• **How to complete this task**
Using the records below, write out only the lines from the line containing "MSIGeForceRTX5" up to and including the line containing "JINSHANGZI HK10 Ultra", exactly, with no pictures.

• **Extracted information**

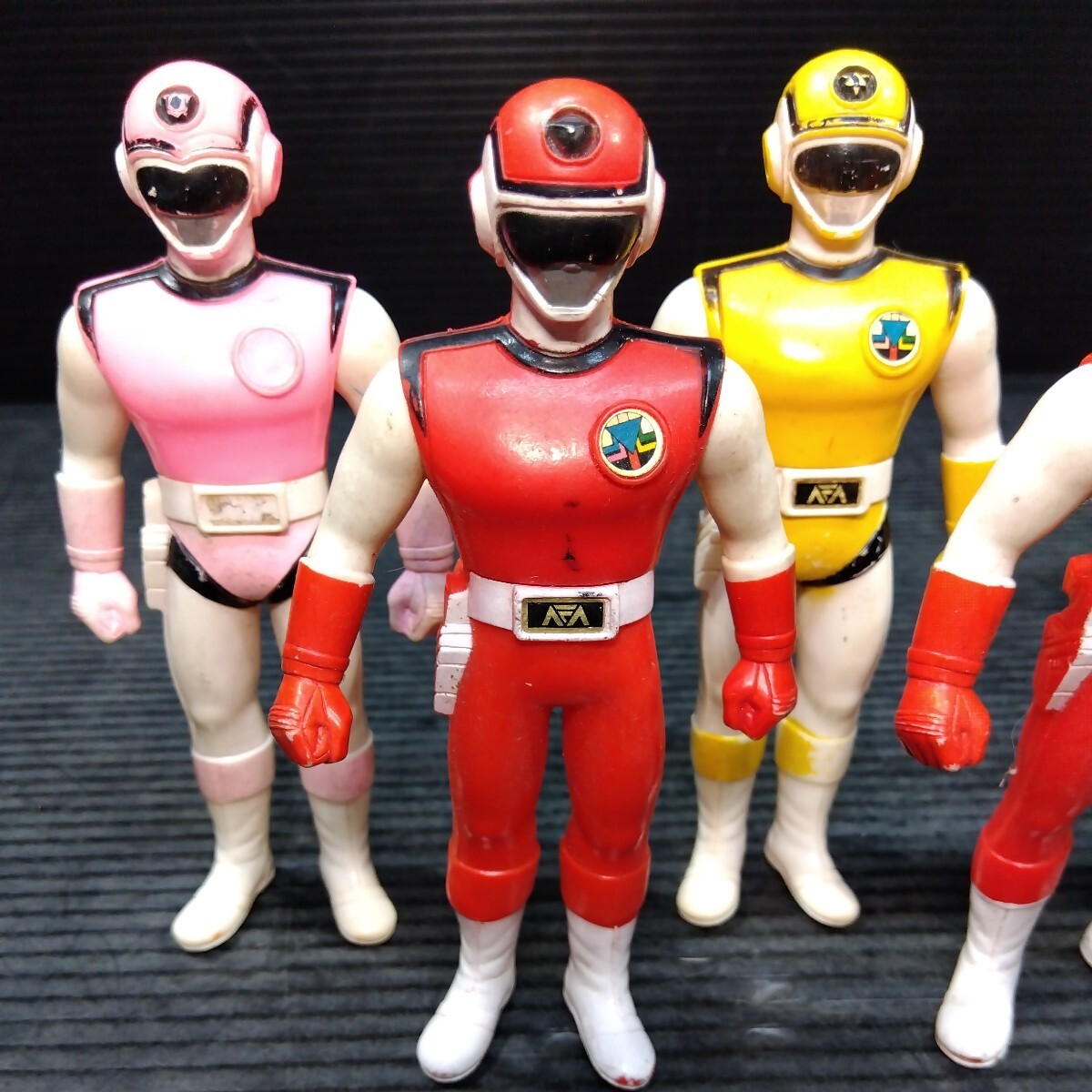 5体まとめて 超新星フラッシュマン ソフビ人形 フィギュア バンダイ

* * *

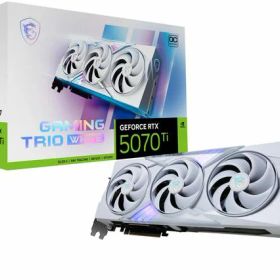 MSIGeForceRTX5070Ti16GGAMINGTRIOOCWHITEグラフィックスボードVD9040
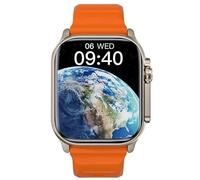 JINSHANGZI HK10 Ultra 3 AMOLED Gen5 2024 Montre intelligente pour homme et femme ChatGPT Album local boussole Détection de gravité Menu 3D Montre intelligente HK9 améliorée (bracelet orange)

* * *

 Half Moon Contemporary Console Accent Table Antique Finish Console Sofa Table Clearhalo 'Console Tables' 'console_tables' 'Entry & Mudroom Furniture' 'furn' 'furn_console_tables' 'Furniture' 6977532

• **Output for this exercise**
 MSIGeForceRTX5070Ti16GGAMINGTRIOOCWHITEグラフィックスボードVD9040
 JINSHANGZI HK10 Ultra 3 AMOLED Gen5 2024 Montre intelligente pour homme et femme ChatGPT Album local boussole Détection de gravité Menu 3D Montre intelligente HK9 améliorée (bracelet orange)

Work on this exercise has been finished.